↓

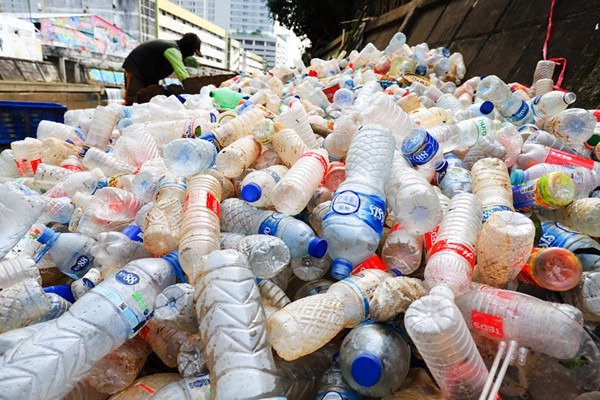 tumpukan sampah botol plastik
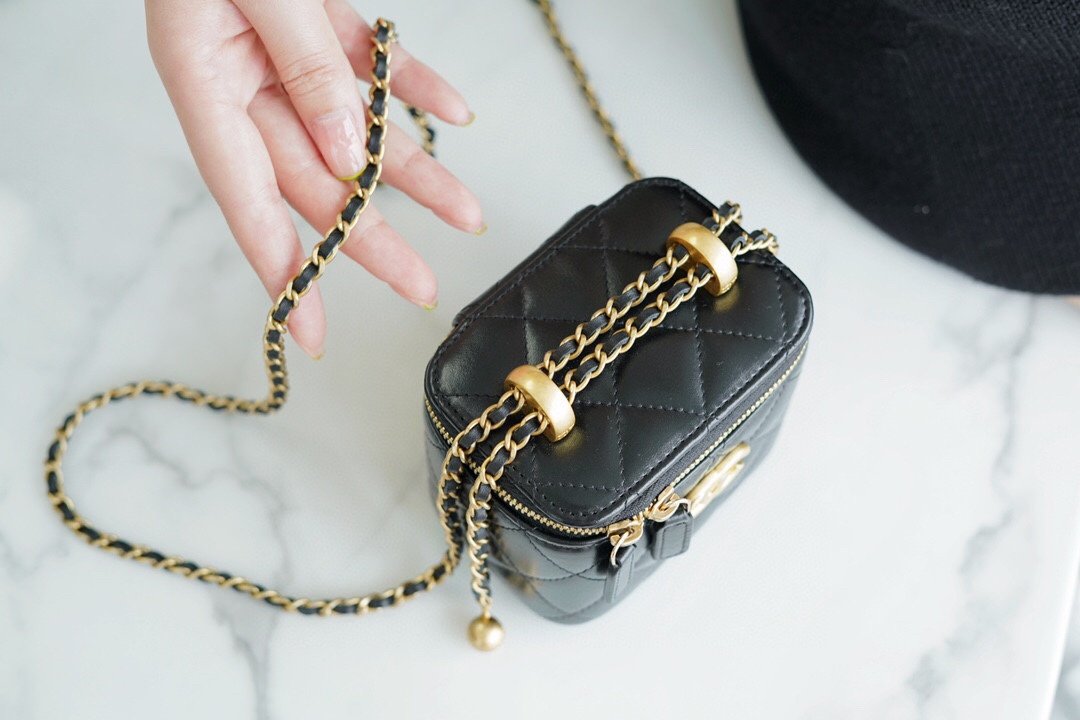 CHANEL High-End Handicraft Double Gold Ball Box Bag - Image 5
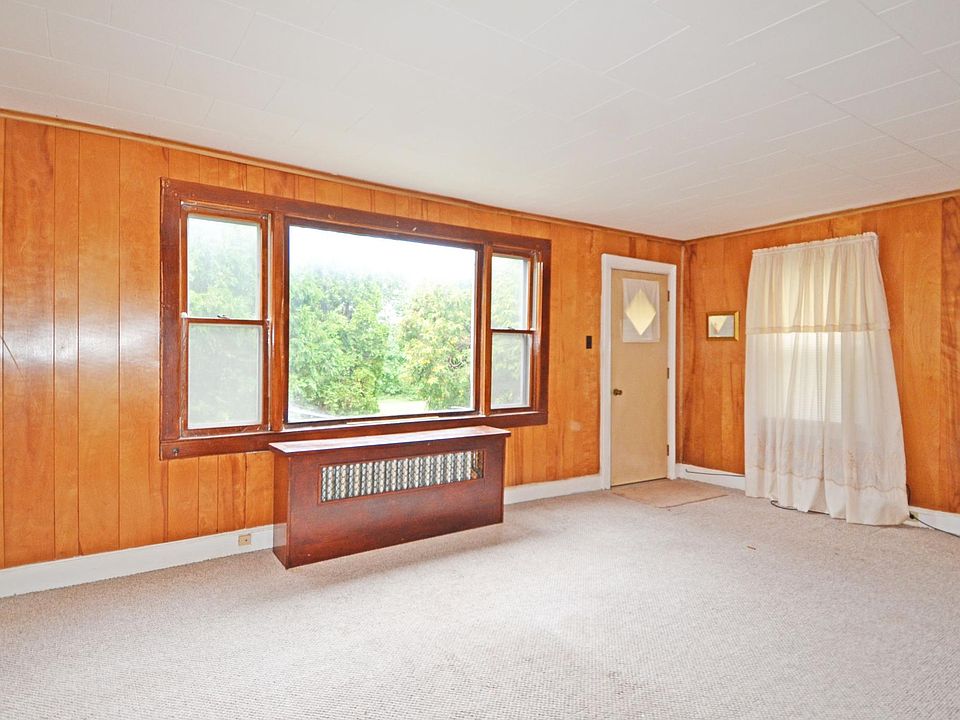 1st image of 84 Conklin Ave #1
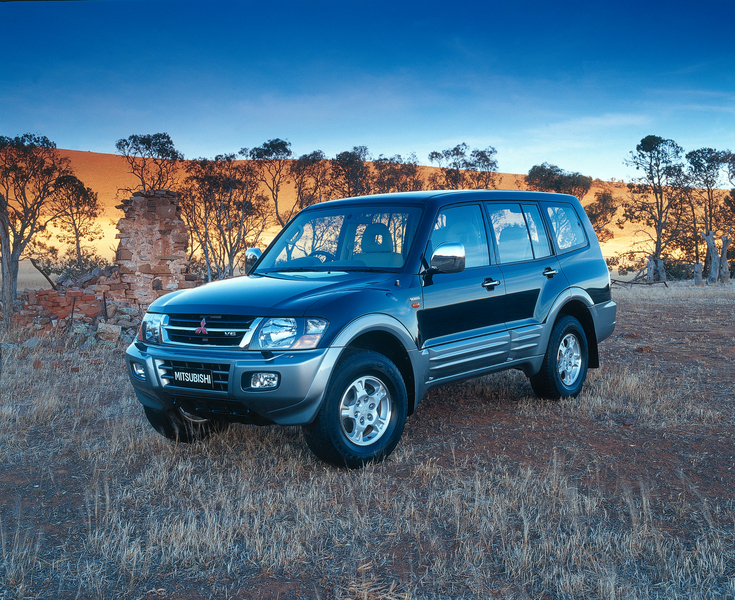 download Mitsubishi Pajero NP able workshop manual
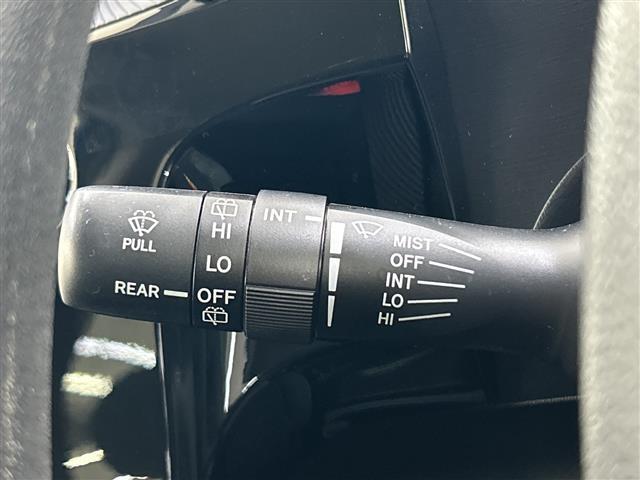 アクア Ｓ　純正ナビ　トヨタセーフティセンス　ＥＴＣ２．０　ＬＥＤライト　ドラレコ　バックカメラ　フロアマット　スペアキー　スマートキー　オートマチックハイビーム　ウィンカーミラー　フォグランプ　車線逸脱警報（17枚目）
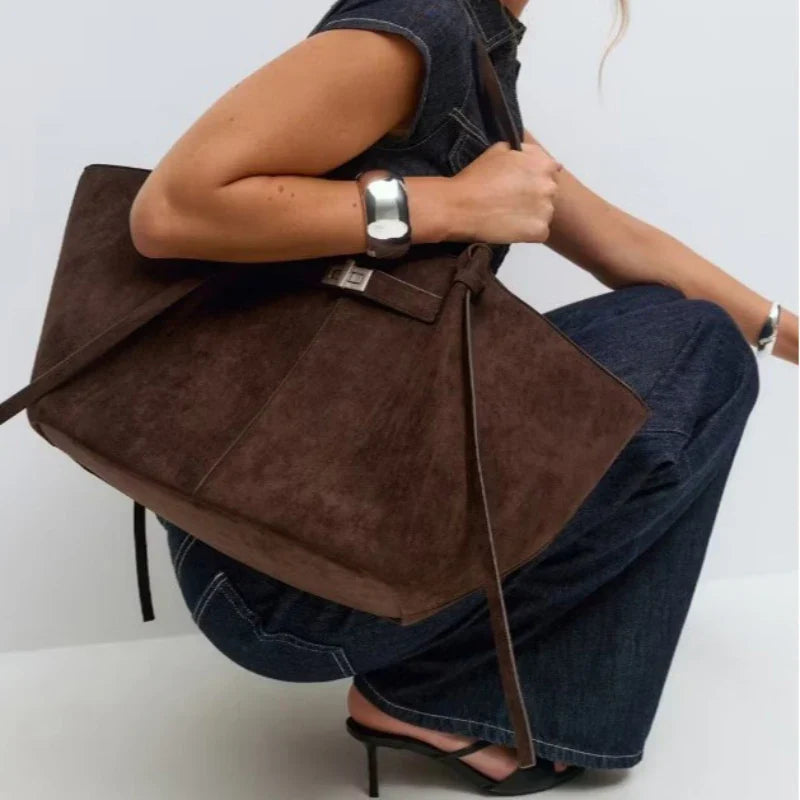 Brand Wing Shaped Handbag Luxury Gold Lock Buckle Design Tote Bag Women Large Capacity Shopping Bag Elegant Commute Underarm Bag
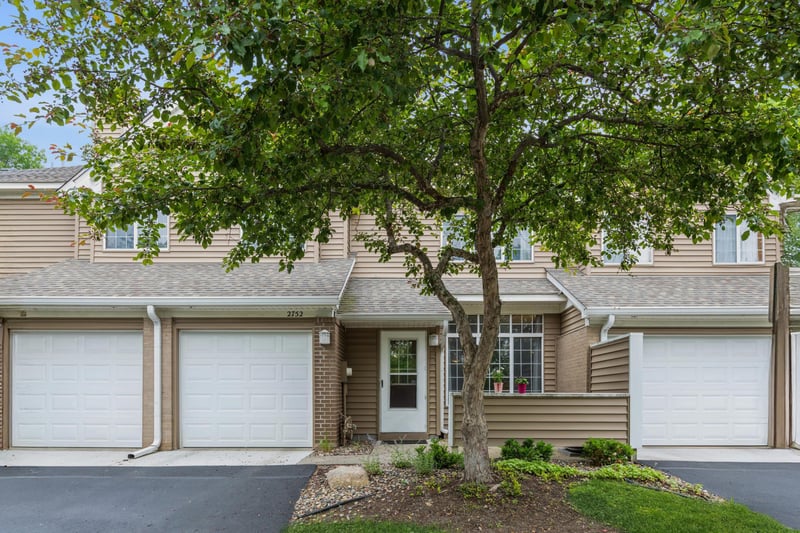 2752 Autumnwood Ln, Minnetonka, MN 55305
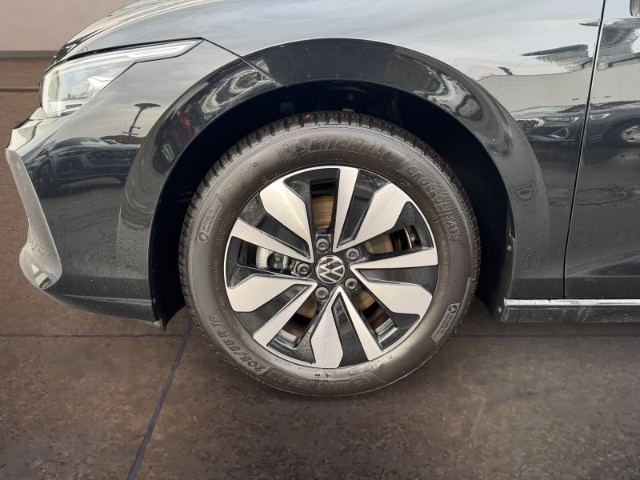 Volkswagen Golf 1.5 eTSI DSG Variant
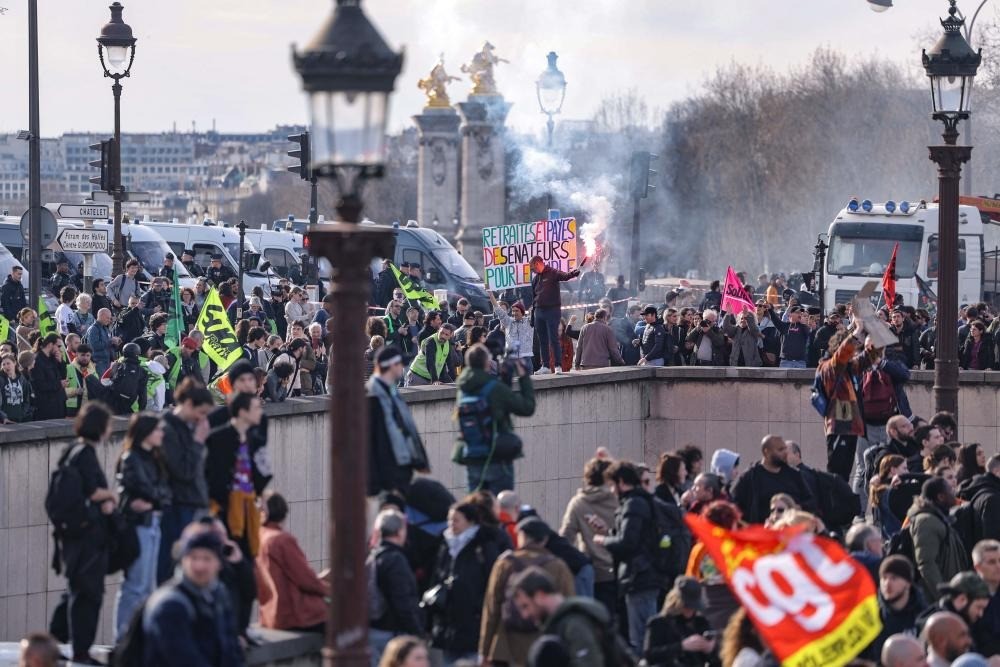 Manifestantes protestam na Praça da Concórdia, em Paris, nesta quinta-feira — Foto: AFP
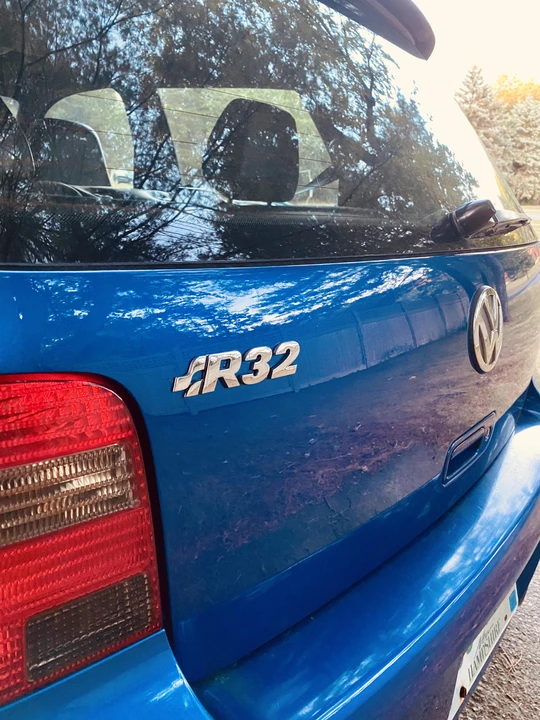 2004 Volkswagen R32 Mk4 - Image 24 of 31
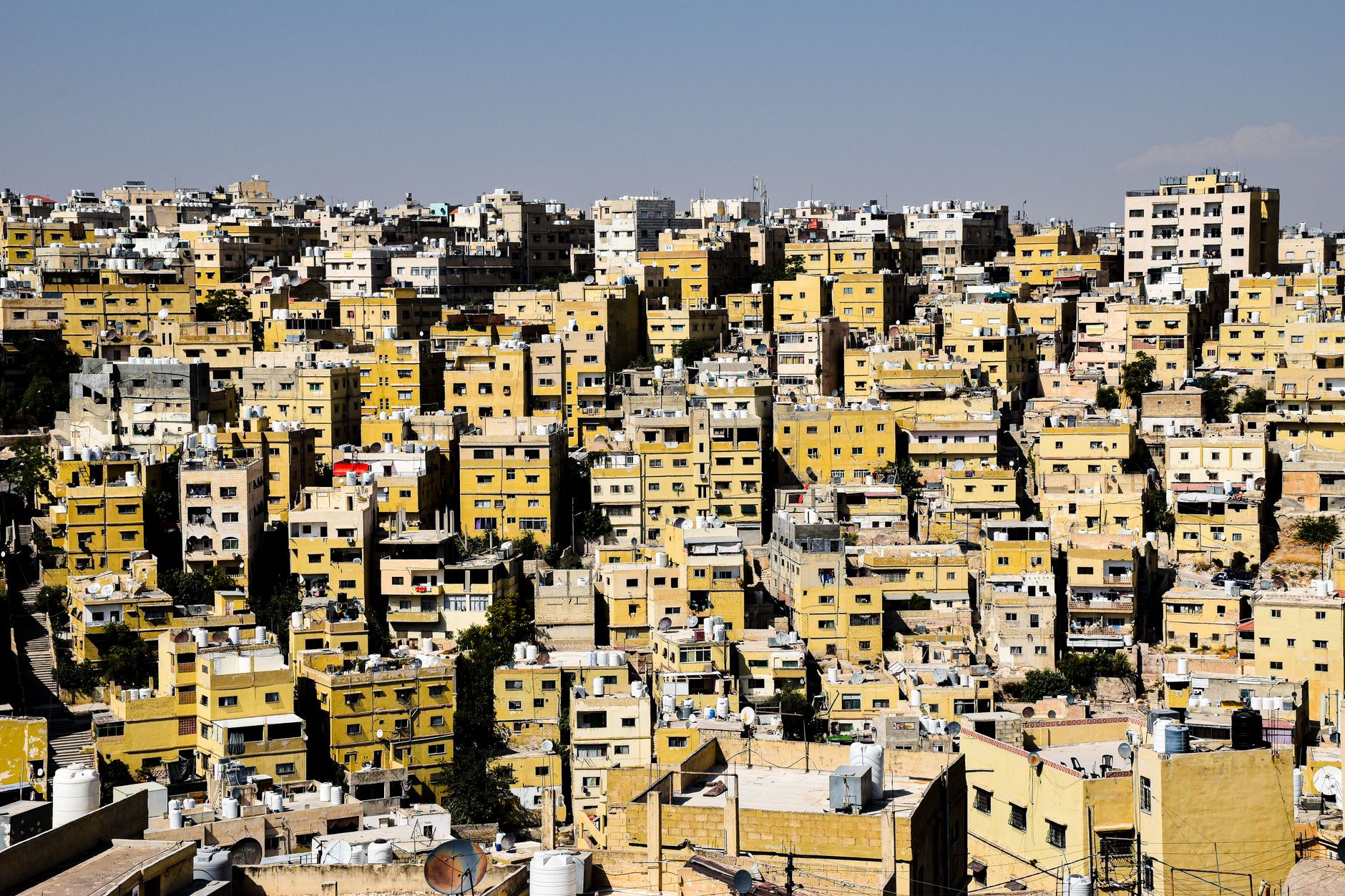 صناديق الريت العقارية في السعودية والإمارات: دليل المستثمر الشامل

↑

▶ _Required work_
Would you repeat exactly, and only, the lines from the start of the records above through the line containing "アクア Ｓ　純正ナビ　トヨタ", with the pictures omitted?

▶ _Answer to this task_
 tumpukan sampah botol plastik
 CHANEL High-End Handicraft Double Gold Ball Box Bag - Image 5
 1st image of 84 Conklin Ave #1
 download Mitsubishi Pajero NP able workshop manual
 アクア Ｓ　純正ナビ　トヨタセーフティセンス　ＥＴＣ２．０　ＬＥＤライト　ドラレコ　バックカメラ　フロアマット　スペアキー　スマートキー　オートマチックハイビーム　ウィンカーミラー　フォグランプ　車線逸脱警報（17枚目）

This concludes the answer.